The nearly 100 wineries and tasting rooms located in Woodinville are a major draw for folks in the Seattle area and beyond, as well as for local residents.
There’s something for everyone, from small boutique operations to larger scale facilities, but although there are many different choices, very few establishments offer a food component to enhance the wine tasting experience.
Enter Le Petit Terroir, a new kitchen aimed at providing the local wine tasting rooms with the ability to serve food.
Owners Karin and Dave Shoup, along with executive chef Kevin Sarbora, recently opened the business and are slowly rolling out a delivery program that will eventually include 37 tasting rooms within a one-mile radius of the kitchen.
“We saw a real need here,” explains Karin. “It’s a niche that hasn’t been developed yet and we thought it was something we wanted to explore further.”
After doing their research and talking to dozens of winery owners, who wholeheartedly gave support to the idea, the Woodinville couple decided to move ahead with their plans.
They renovated an 800- square-foot space in the back of the building that previously housed the Texas BBQ restaurant, right in the heart of the west side wine district.
“Location was very important,” notes Karin. “We needed a space that was basically surrounded by wineries and tasting rooms to make our delivery service effective because we’re hoofing the food over on foot or by electric trike.”
Karin explains that menu cards with the kitchen’s contact number and online address will be on the tables of the tasting rooms so that patrons can simply place their food orders via their mobile devices.
The food will arrive hot and fresh in recyclable packaging in under a half hour.
According to Sarbora, the menu focuses on Mediterranean inspired Northwest cuisine.
“Mediterranean has a wide range, a large geographical area and a broad interpretation for food, which is great,” he says. “We’re going to try and be as local as we can in regards to ingredients and we’ll be looking at what’s available, what’s fresh and in season.”
Though the kitchen has only been open about a month, several items are quickly becoming very popular, including the grilled vegetables, Mediterranean skewers, Les Petits poppers (Serrano chills stuffed with goat cheese filling and wrapped in pancetta) and the chef’s charcuterie. Sarbora, who is a butcher and worked previously at Bill the Butcher in Woodinville, cures all the meat himself, after purchasing it from local farms he has come to know and trust.
The menu also features flatbreads, salads, crepes, antipasti, artisanal cheeses and even a hearty rib eye steak for bigger appetites.

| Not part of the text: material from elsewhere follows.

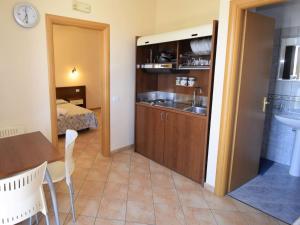 Una cocina con un fregadero y una mesa en una habitación. en Apartment L'Ancora-1 by Interhome, en Porto Empedocle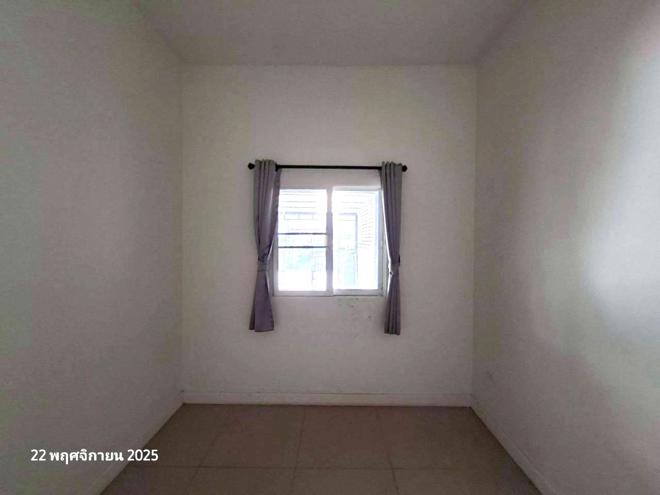 picture TOWN HOUSE 24.1 Sq.w. Krathum Baen Samut Sakhon for 1.8M - 11/39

For those folks who are not at one of the wineries being served by the kitchen, Sarbora explains that food will still be available, but on a take-out basis.
“If you’re somewhere we don’t deliver to, or you’re at home, or on your way to the park, for example, you can order with us by phone or online and designate it for carry-out, or you’re welcome to walk up to our window and order there,” he says. “Then, swing by 20 minutes later and it will be ready for you.”
Catering, according to Karin, will be the other piece of the business. She adds, “We’ve already done several private functions and we want to get the word out that we’re willing and able to work with all budgets, big and small.”
She notes that the kitchen doesn’t have set catering menus, as it wants to be flexible and adaptable to clients’ needs and wants.
Sarbora, who considers himself a self-taught cook, enjoys the challenge of creating dishes from scratch. He has had no formal culinary training, having learned many of his skills in his mother’s kitchen.
“I’ve loved cooking since I was a kid,” he says. “I remember making all these desserts when I was nine years old, and then selling them in the neighborhood. My mom asked me why I didn’t use a box mix to make it easier on me and I told her that would be cheating.”
He adds, “There’s just something so rewarding when you take a raw material and turn it into something really special. And then you get the satisfaction of seeing people eat it and tell you how much they like it.”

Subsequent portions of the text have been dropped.